Rationale: My research is exploring methods from machine learning (e.g. deep reinforcement learning) and controls for automating
and improving large complex network engineering operations and distributed systems facilities.
These systems are complex and big, producing large amounts of data at multiple layers. Either within the data center or across distributed facilities,
these systems are responsible for mission-critical applications and require many engineers to work together to understand system detoriation, optimize performance and
also improve usability for users. My target application domains include self-autonomous networks and facilities for astrophysics and bioinformatics science applications.
Selected Research Projects
DAPHNE: Deep and Autonomously Performing High-Speed Networks
This project is supported by DOE Early Career Award [Home page].
Focused on enabling self-driving intelligent networks that allow improved response, utilization, and reliability for exascale scientific workflows.
The research builds robust networks through machine learning-based approaches, cloud computing, and software-defined networks (SDN). For example, deep learning algorithms have recently been used to process real-time events, anomaly finding and autonomous cars in highway traffic.
Analogously, the proposed research couples deep learning methods with SDN for predicting real-time network behavior and avoiding data traffic congestion or degraded network performance. Distributed processing models such as cloud computing will be used to reduce learning time and improve real-time network reactions.
As data demands from scientific communities rapidly increase, the proposed research is timely for ensuring the development of reliable and robust networks with guaranteed
high-throughput data transfer and uninterrupted performance.
This project is also exploring smart contracts and blockchains as a means of reliable and distributed machine learning communication across distributed nodes.
Panorama 360: Performance data capture and analysis for end-to-end scientific workflows
This project is supported by DOE Analytical models funding.
Scientific workflows support cutting edge
computational science by automating many tedious and error-prone tasks on behalf of the scientists.
They can help capture data at the instrument, preprocess it at an HPC cluster and move results to a visualization platform.
These workflows increase in size and complexity as experiments mature and need powerful computing, networking and storage to support the. Advanced workflow management systems can help achieve desired performance, scalability and reliability.
Due to lack of realistic data, workflows use simplistic algorithms for resource selection and task scheduling focusing on computational aspects of workflows rather than end-to-end process of data management.
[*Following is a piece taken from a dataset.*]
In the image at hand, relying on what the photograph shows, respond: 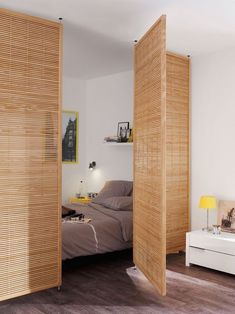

Building on the success of the Panorama project, which developed initial data collection tools for a subset of workflows, this project 1) expands types of workflow under study 2) apply machine learning analysis to analyze performance data to detect performance bottlenecks and anomalies to optimize workflow performance and 3) build community repository that serve a unique resource for researchers to develop algorithm and techniques for workflow management, exploring querying and provenance management, fault tolerance and adaptively.
The proposed work will explore a number of performance data analysis, synthesis, and characterization approaches based on machine learning utilizing both supervised and unsupervised learning. These algorithms and analyses will detect workflow anomalies, identify performance bottlenecks, aid debugging and troubleshooting sources of failures and perform optimizations. [Webpage]
INDIRA: Intelligent network deployment intent rendering application
This project was supported by LBNL LDRD funding.
INDIRA aims to become a personal assistant for users by using
natural language processing, OWL and AI to converse with users to understand network requirements.
These requirements are then automatically translated into network code and appropriate tools are called through built-in orchestrators and communication to diverse tools.
ESnet is doing research on various techniques for improving intent to capture science workflow performance. A video of our SC16 demonstration on INDIRA for intent-based data transfers is available here.